#### [Material for this exercise]
+ + + + +
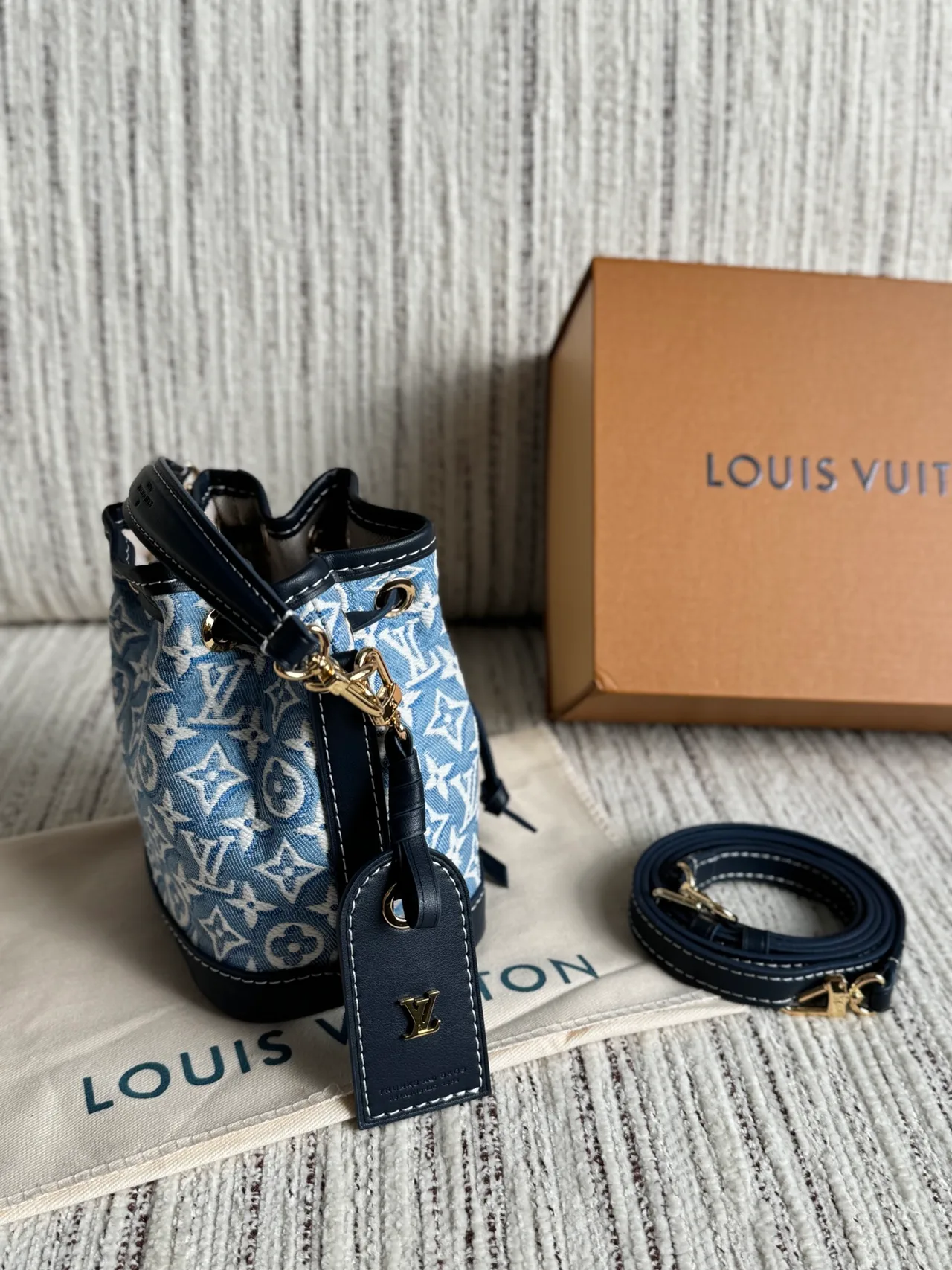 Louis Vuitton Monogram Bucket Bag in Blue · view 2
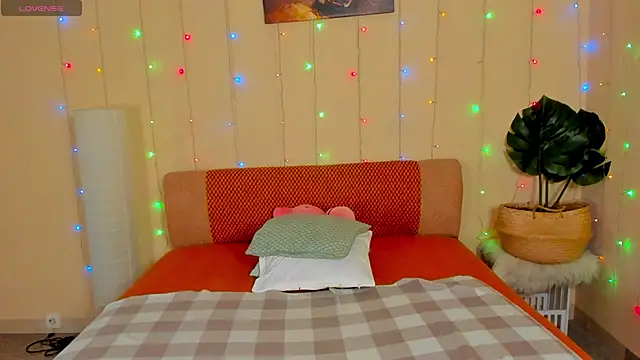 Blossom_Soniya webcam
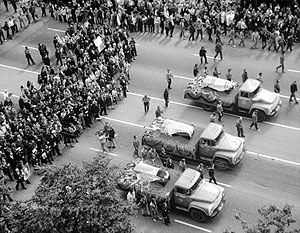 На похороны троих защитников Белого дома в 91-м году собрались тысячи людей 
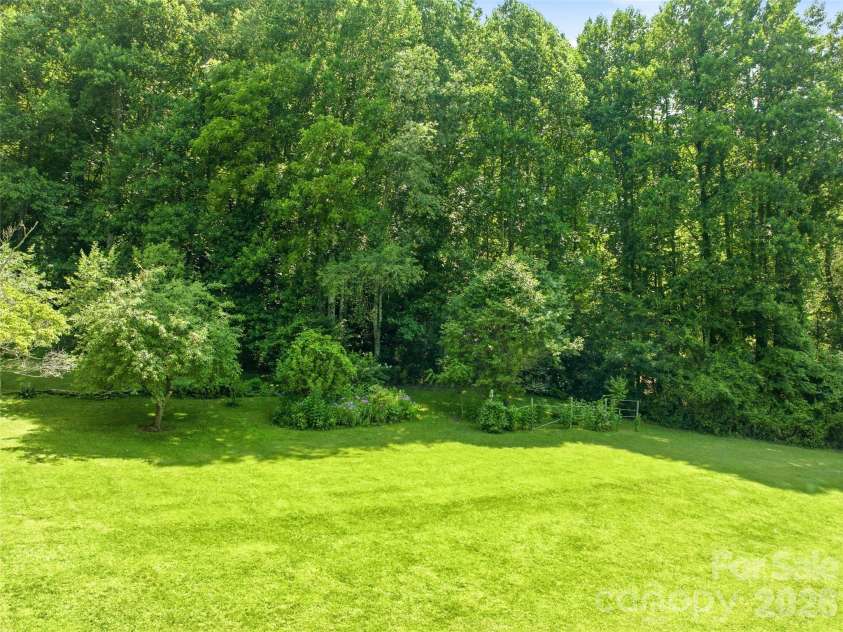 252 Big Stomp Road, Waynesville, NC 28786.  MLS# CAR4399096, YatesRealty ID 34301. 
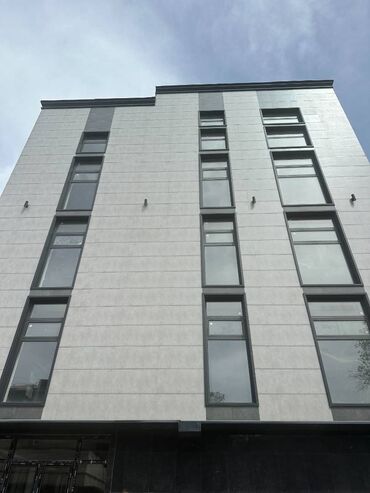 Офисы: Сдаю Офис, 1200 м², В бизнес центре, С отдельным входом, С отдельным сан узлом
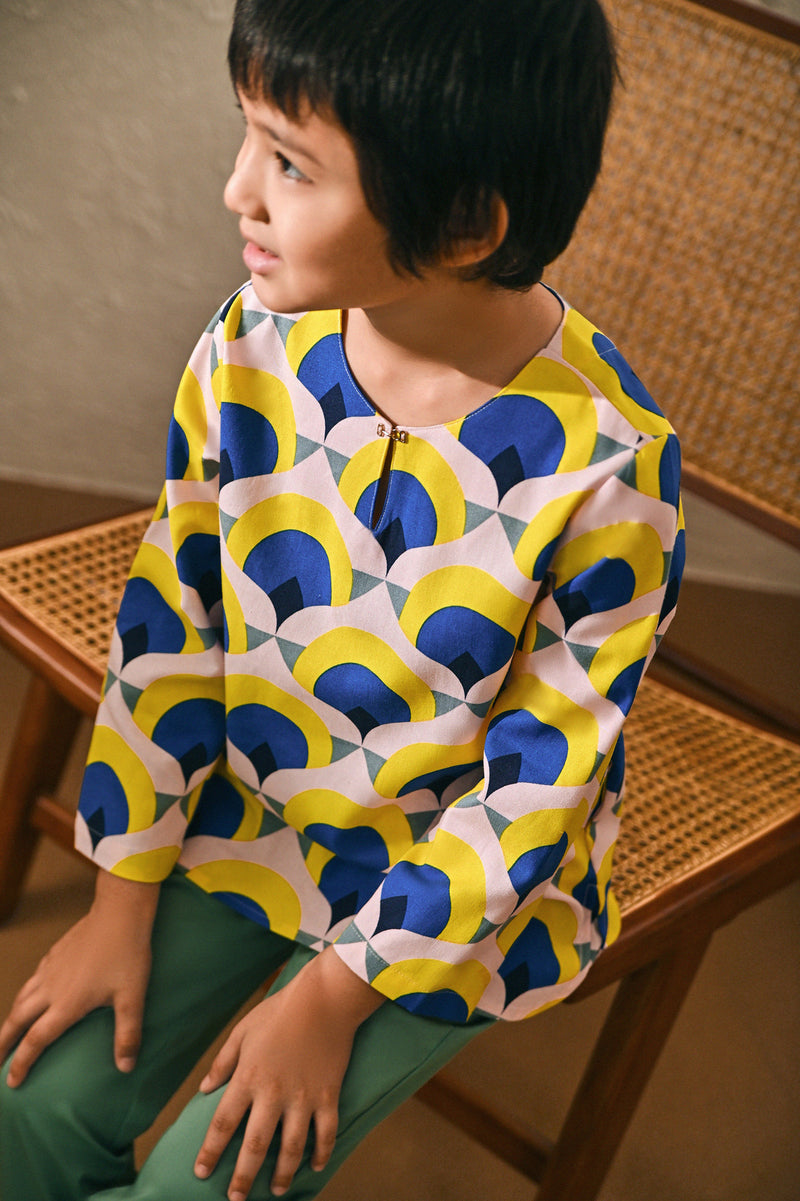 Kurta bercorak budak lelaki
+ + + + +
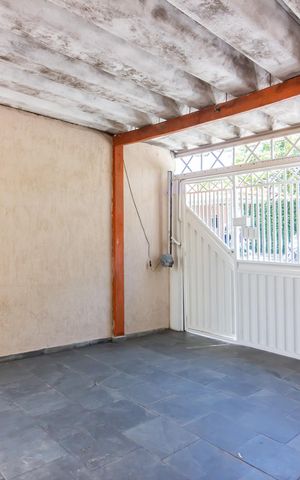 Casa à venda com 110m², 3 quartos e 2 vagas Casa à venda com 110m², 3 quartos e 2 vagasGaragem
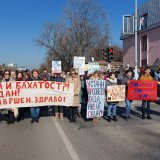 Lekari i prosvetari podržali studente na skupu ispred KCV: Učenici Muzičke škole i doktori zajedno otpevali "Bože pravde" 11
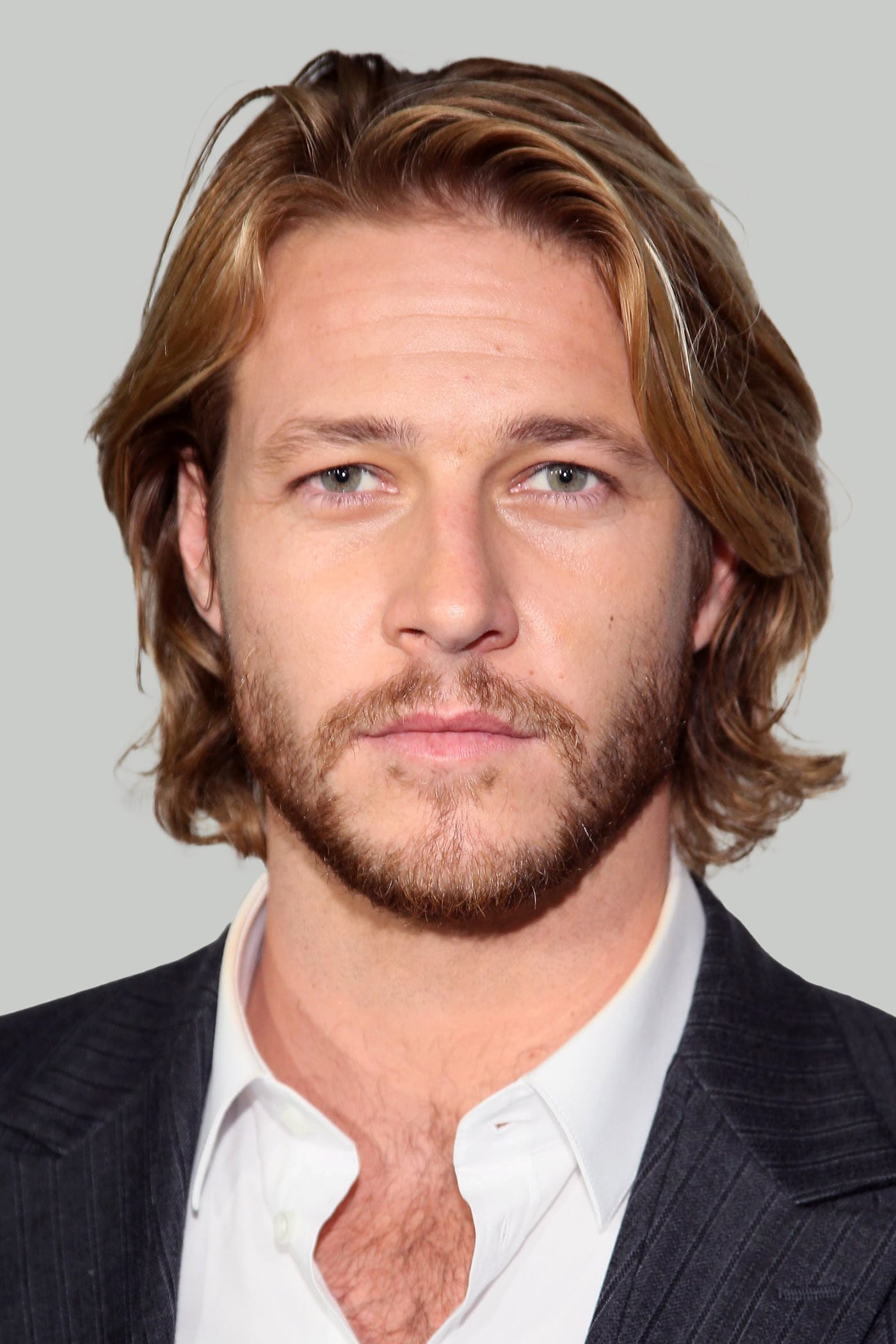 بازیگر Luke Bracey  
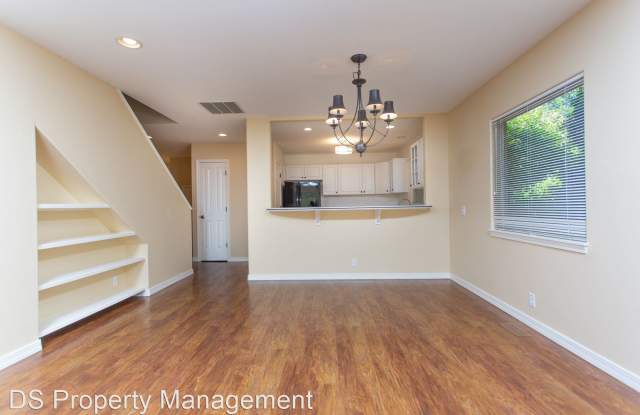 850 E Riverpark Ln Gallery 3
+ + + + +
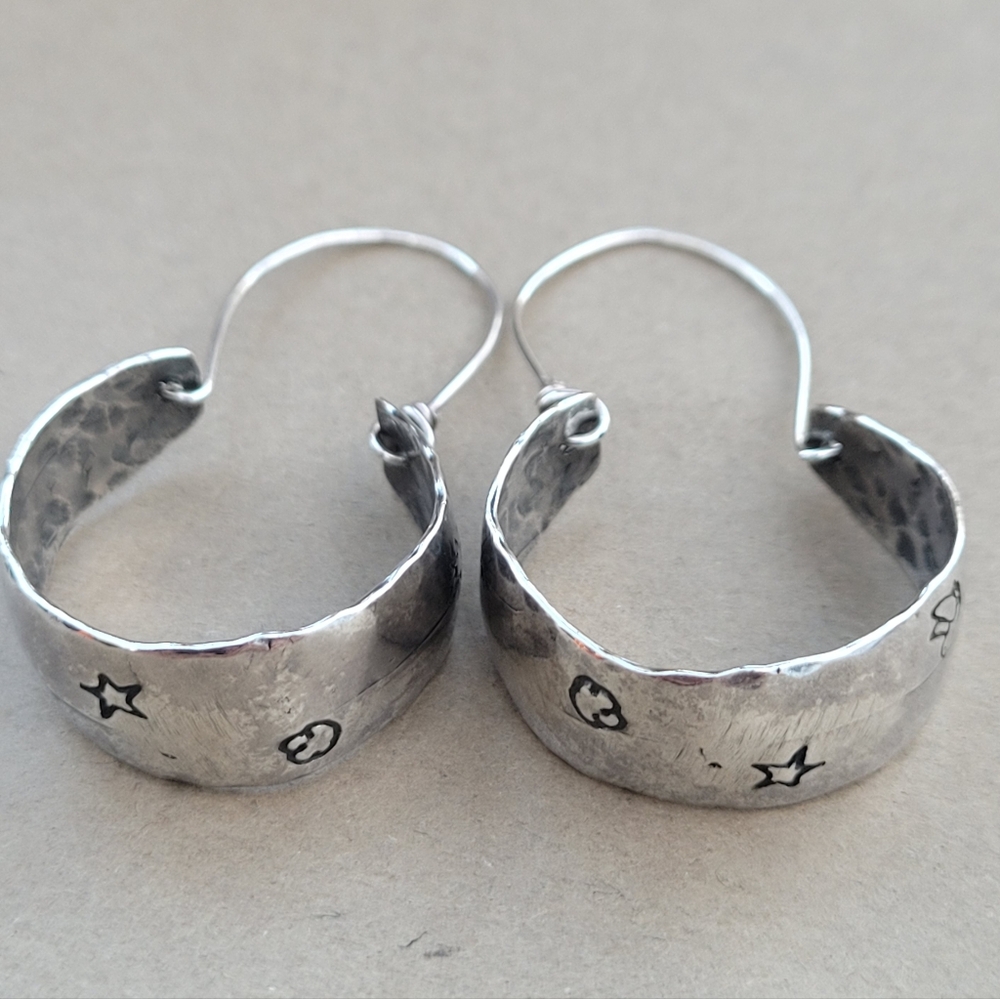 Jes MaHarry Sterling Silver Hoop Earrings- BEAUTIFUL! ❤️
+ + + + +
#### [To do]
Transcribe, word for word, the lines of the listing above from the one that contains "252 Big Stomp" through the one that contains "Kurta bercorak budak lelaki", keeping both ends and dropping the pictures.

#### [Response to this task]
 252 Big Stomp Road, Waynesville, NC 28786.  MLS# CAR4399096, YatesRealty ID 34301. 
 Офисы: Сдаю Офис, 1200 м², В бизнес центре, С отдельным входом, С отдельным сан узлом
 Kurta bercorak budak lelaki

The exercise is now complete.